Entries provided:
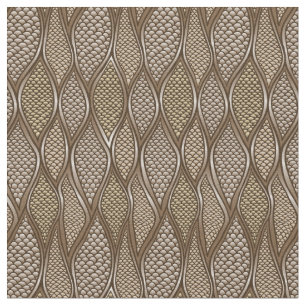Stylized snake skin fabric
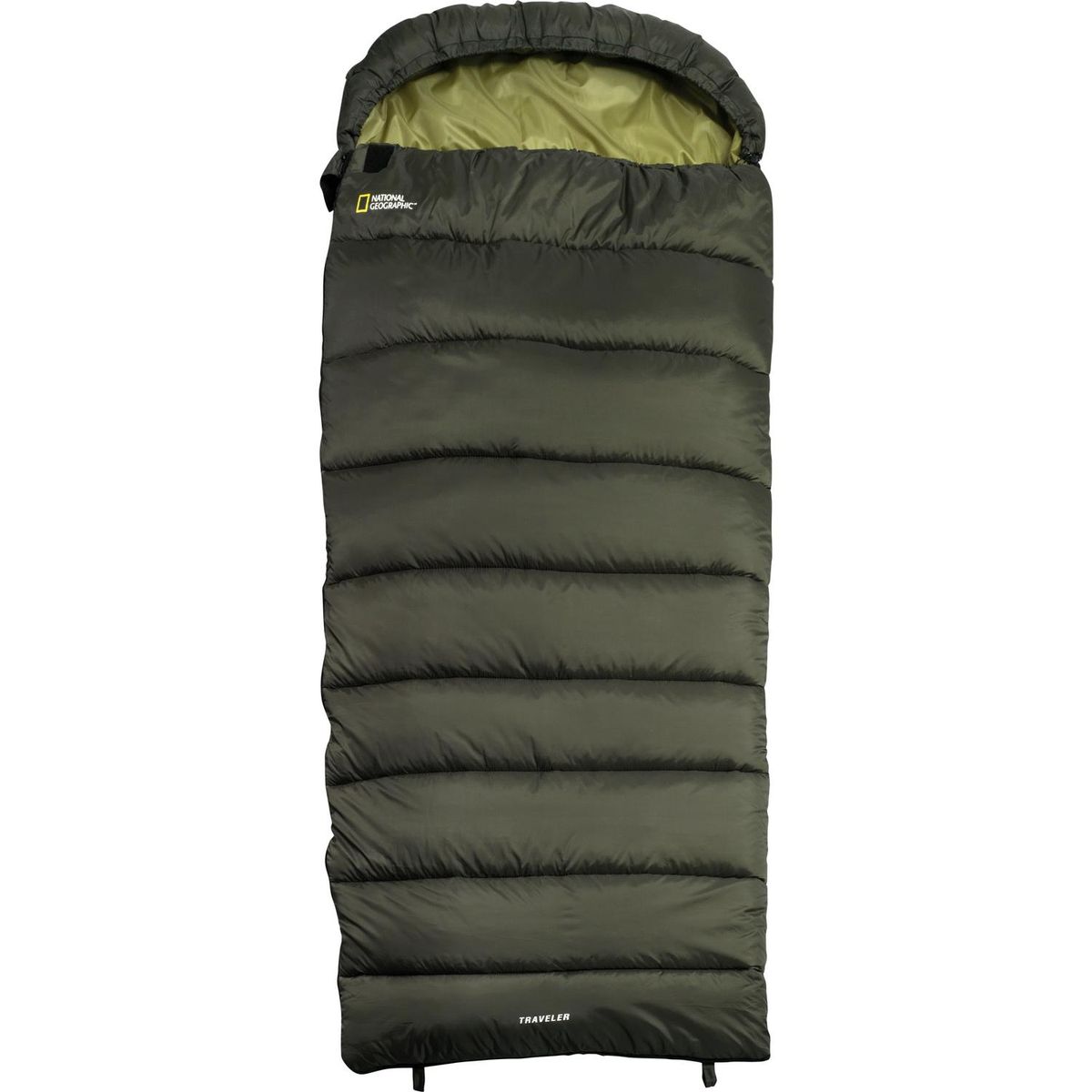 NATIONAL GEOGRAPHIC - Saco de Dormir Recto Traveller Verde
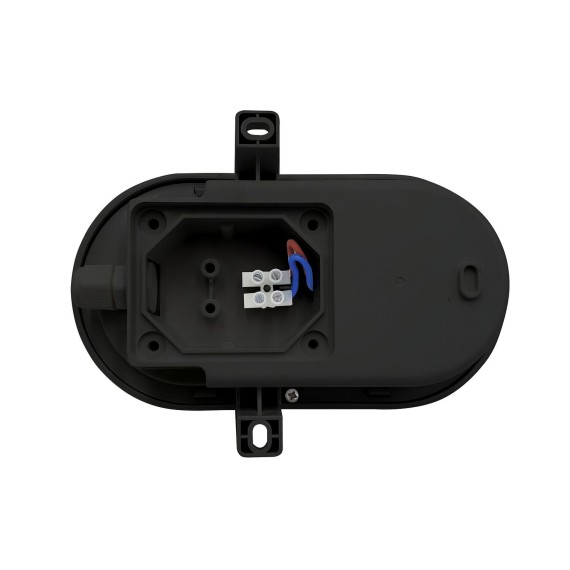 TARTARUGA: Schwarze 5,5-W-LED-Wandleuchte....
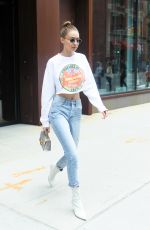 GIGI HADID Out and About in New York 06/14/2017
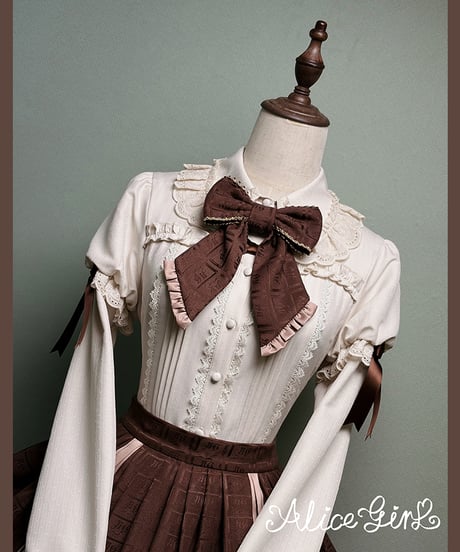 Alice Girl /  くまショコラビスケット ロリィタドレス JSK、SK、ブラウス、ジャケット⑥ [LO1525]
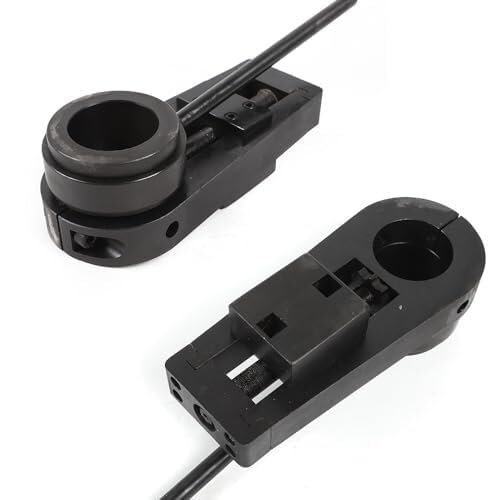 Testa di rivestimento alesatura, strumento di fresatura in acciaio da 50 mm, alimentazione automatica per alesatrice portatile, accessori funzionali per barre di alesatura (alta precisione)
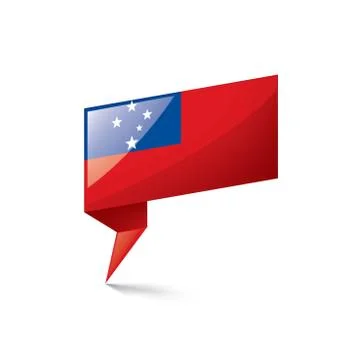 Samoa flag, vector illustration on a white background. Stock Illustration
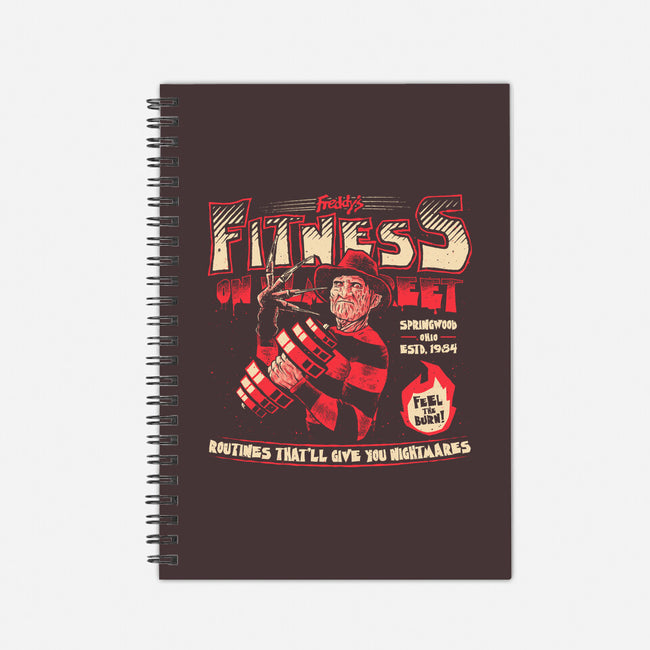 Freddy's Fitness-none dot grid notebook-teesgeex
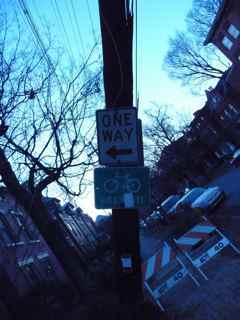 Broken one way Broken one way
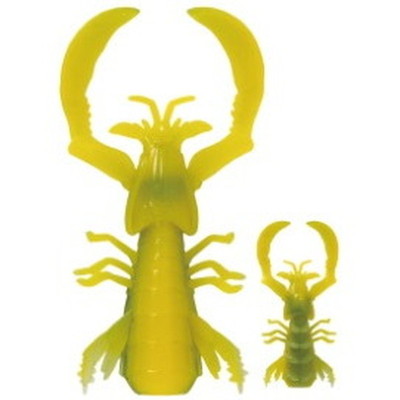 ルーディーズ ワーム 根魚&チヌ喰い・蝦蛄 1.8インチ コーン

Assignment: Please repeat everything in the data above except the pictures, exactly as it reads.

Task solution:
Stylized snake skin fabric
 NATIONAL GEOGRAPHIC - Saco de Dormir Recto Traveller Verde
 TARTARUGA: Schwarze 5,5-W-LED-Wandleuchte....
 GIGI HADID Out and About in New York 06/14/2017
 Alice Girl /  くまショコラビスケット ロリィタドレス JSK、SK、ブラウス、ジャケット⑥ [LO1525]
 Testa di rivestimento alesatura, strumento di fresatura in acciaio da 50 mm, alimentazione automatica per alesatrice portatile, accessori funzionali per barre di alesatura (alta precisione)
 Samoa flag, vector illustration on a white background. Stock Illustration
 Freddy's Fitness-none dot grid notebook-teesgeex
 Broken one way Broken one way
 ルーディーズ ワーム 根魚&チヌ喰い・蝦蛄 1.8インチ コーン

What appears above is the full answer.